■ TASK BRIEF
Please repeat each line from the one holding "ソニーミュージックマーケティング　ブルーレイ 【メーカー特典付き】Mr.Children/ Mr.Children" through the final line of the data, exactly as it stands, with no pictures.

━━━ DATA BLOCK

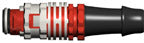 9A2-EY065-003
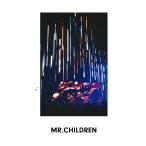 ソニーミュージックマーケティング　ブルーレイ 【メーカー特典付き】Mr.Children/ Mr.Children 30th Anniversary Tour 半世紀へのエントランス　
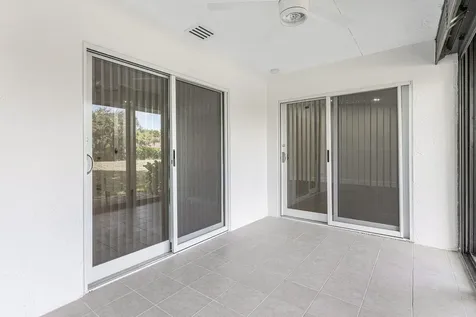 8065 Whispering Palm Drive Boca Raton FL 33496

━━━━━━

■ ANSWER TO THIS EXERCISE
 ソニーミュージックマーケティング　ブルーレイ 【メーカー特典付き】Mr.Children/ Mr.Children 30th Anniversary Tour 半世紀へのエントランス　
 8065 Whispering Palm Drive Boca Raton FL 33496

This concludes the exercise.